▸ Problem details
Nothing but the text of the records belongs in your answer: repeat all of it exactly and leave out the images.

Data extracted from a collection:
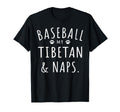 Baseball My Tibetan Naps Funny T-Shirt - Streetwear Style for Adults - T-Shirt, Sweatshirt, Hoodie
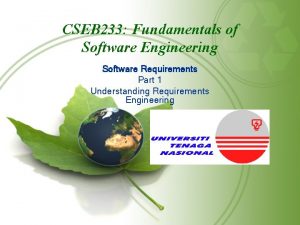 CSEB 233 Fundamentals of Software Engineering Software Requirements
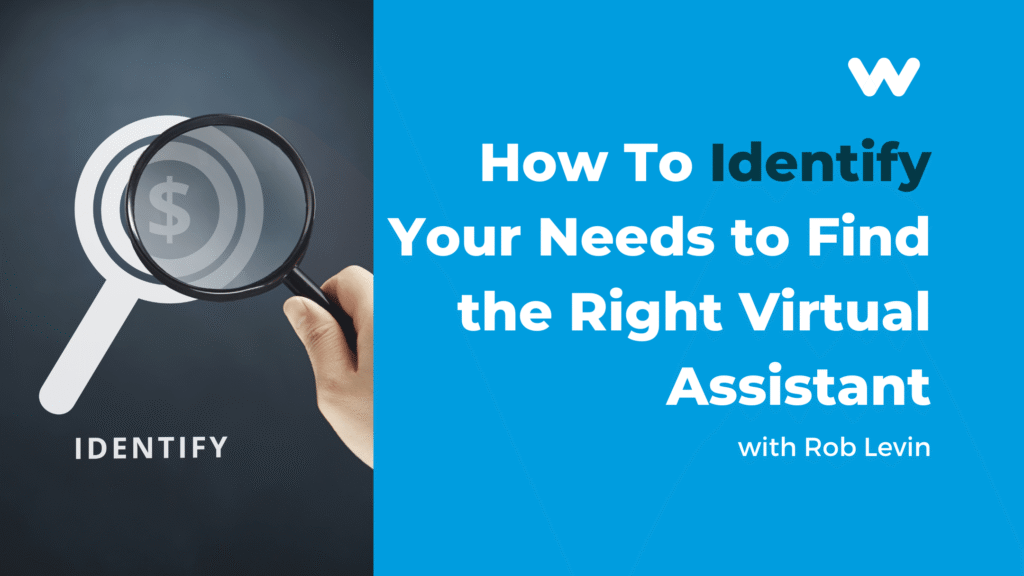 How to Identify Your Needs and Goals and Find the Right Virtual Assistant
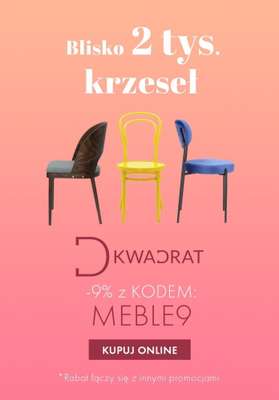 Dkwadrat - gazetka promocyjna Dodatkowe -9% na krzesła z KODEM od wtorku 30.03 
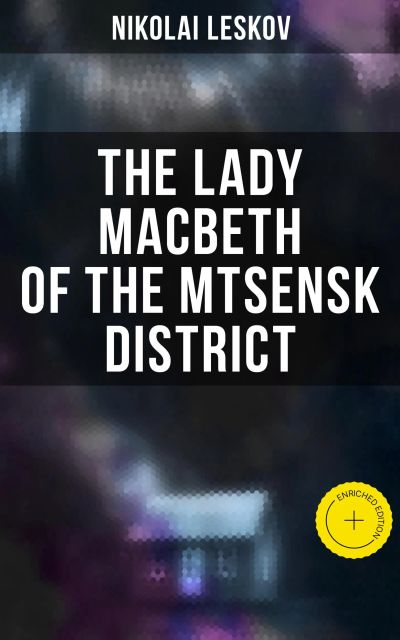 The Lady Macbeth of the Mtsensk District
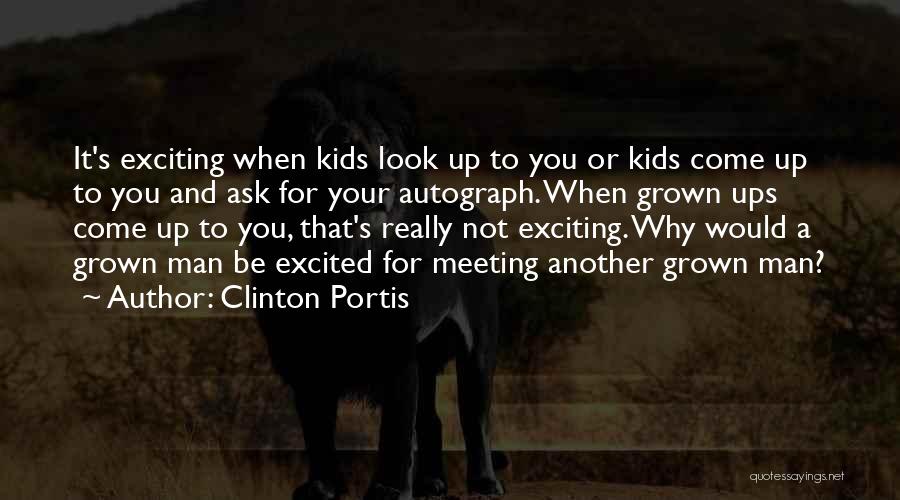 Be A Grown Man Quotes By Clinton Portis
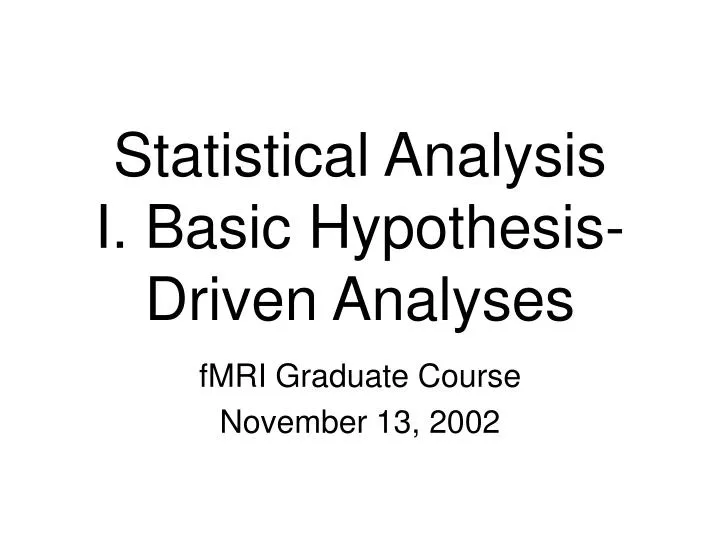 statistical analysis i basic hypothesis driven analyses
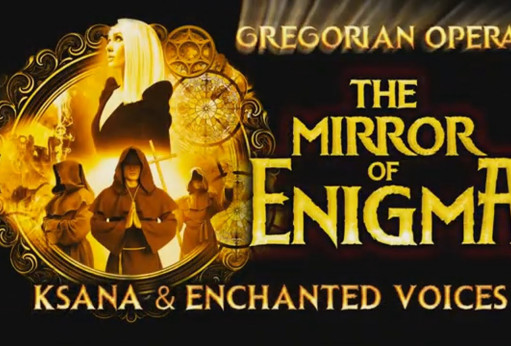 Mirror of Enigma. Gregorian Opera. Ksana and Enchanted Voices
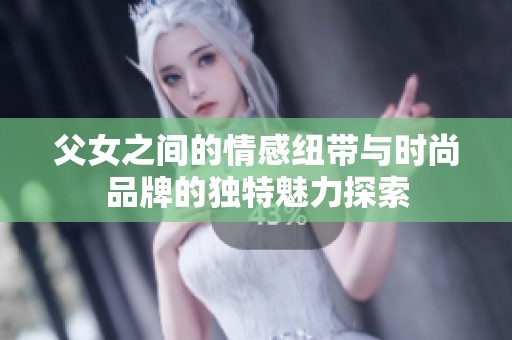 父女之间的情感纽带与时尚品牌的独特魅力探索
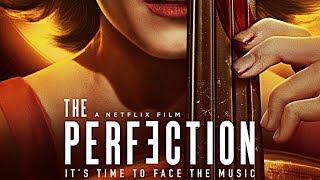 The Perfection มือหนึ่ง (สปอยหนัง) | สรุปเนื้อเรื่อง | Netflix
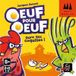 Gigamic OEUF POUR OEUF
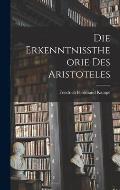 Die Erkenntnisstheorie des Aristoteles
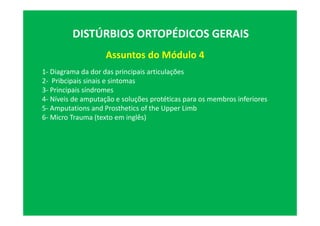 Assuntos do Módulo 4
DISTÚRBIOS ORTOPÉDICOS GERAIS
1- Diagrama da dor das principais articulações
2- Pribcipais sinais e sintomas
3- Principais síndromes
4- Níveis de amputação e soluções protéticas para os membros inferiores
5- Amputations and Prosthetics of the Upper Limb
6- Micro Trauma (texto em inglês)
 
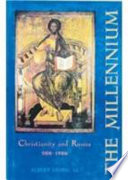 The Millennium : Christianity and Russia, A.D. 988-1988 /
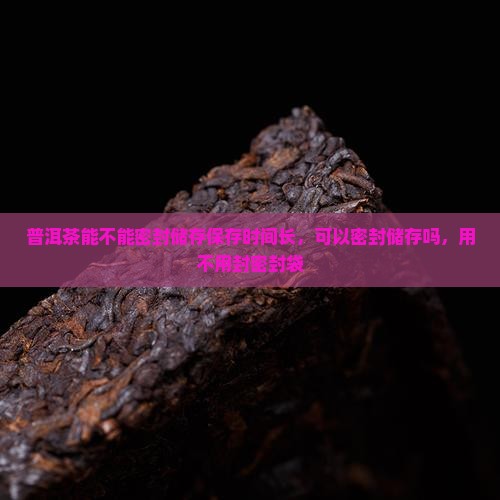 普洱茶能不能密封储存保存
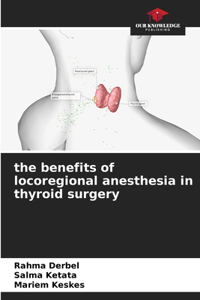 benefits of locoregional anesthesia in thyroid surgery
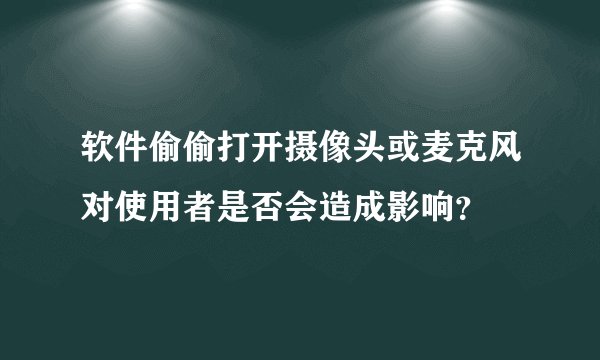 软件偷偷打开摄像头或麦克风对使用者是否会造成影响？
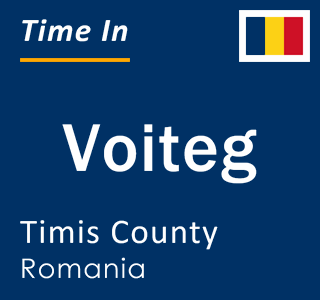 Current local time in Voiteg, Timis County, Romania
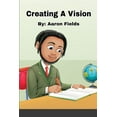 thumbnail image 1 of Creating A Vision, (Paperback), 1 of 1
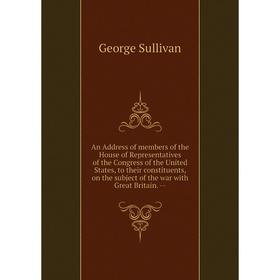 

Книга An Address of members of the House of Representatives of the Congress of the United States, to their constituents, on the subject of the war wit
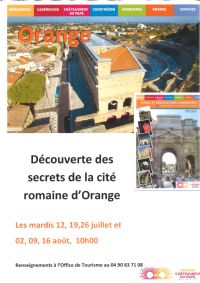 Découverte des secrets de la cité romaine d’Orange. Le mardi 19 juillet 2016 à ORANGE. Vaucluse.  10H00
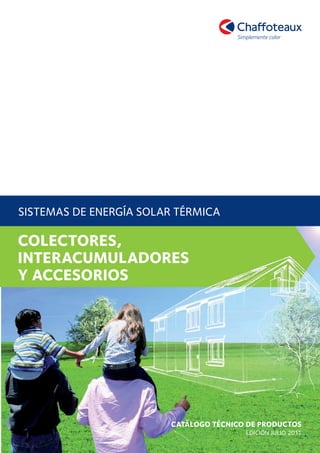 SISTEMAS DE ENERGÍA SOLAR TÉRMICA

COLECTORES,
INTERACUMULADORES
Y ACCESORIOS




                        CATáLOgO TéCNICO DE pRODUCTOS
                                        EDICIÓN juLIO 2011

▸ Exercise output
 Baseball My Tibetan Naps Funny T-Shirt - Streetwear Style for Adults - T-Shirt, Sweatshirt, Hoodie
 CSEB 233 Fundamentals of Software Engineering Software Requirements
 How to Identify Your Needs and Goals and Find the Right Virtual Assistant
 Dkwadrat - gazetka promocyjna Dodatkowe -9% na krzesła z KODEM od wtorku 30.03 
 The Lady Macbeth of the Mtsensk District
 Be A Grown Man Quotes By Clinton Portis
 statistical analysis i basic hypothesis driven analyses
 Mirror of Enigma. Gregorian Opera. Ksana and Enchanted Voices
 父女之间的情感纽带与时尚品牌的独特魅力探索
 The Perfection มือหนึ่ง (สปอยหนัง) | สรุปเนื้อเรื่อง | Netflix
 Gigamic OEUF POUR OEUF
 Die Erkenntnisstheorie des Aristoteles
 Assuntos do Módulo 4
DISTÚRBIOS ORTOPÉDICOS GERAIS
1- Diagrama da dor das principais articulações
2- Pribcipais sinais e sintomas
3- Principais síndromes
4- Níveis de amputação e soluções protéticas para os membros inferiores
5- Amputations and Prosthetics of the Upper Limb
6- Micro Trauma (texto em inglês)
 
 The Millennium : Christianity and Russia, A.D. 988-1988 /
 普洱茶能不能密封储存保存
 benefits of locoregional anesthesia in thyroid surgery
 软件偷偷打开摄像头或麦克风对使用者是否会造成影响？
 Current local time in Voiteg, Timis County, Romania
 thumbnail image 1 of Creating A Vision, (Paperback), 1 of 1

Книга An Address of members of the House of Representatives of the Congress of the United States, to their constituents, on the subject of the war wit
 Découverte des secrets de la cité romaine d’Orange. Le mardi 19 juillet 2016 à ORANGE. Vaucluse.  10H00
 SISTEMAS DE ENERGÍA SOLAR TÉRMICA

COLECTORES,
INTERACUMULADORES
Y ACCESORIOS




                        CATáLOgO TéCNICO DE pRODUCTOS
                                        EDICIÓN juLIO 2011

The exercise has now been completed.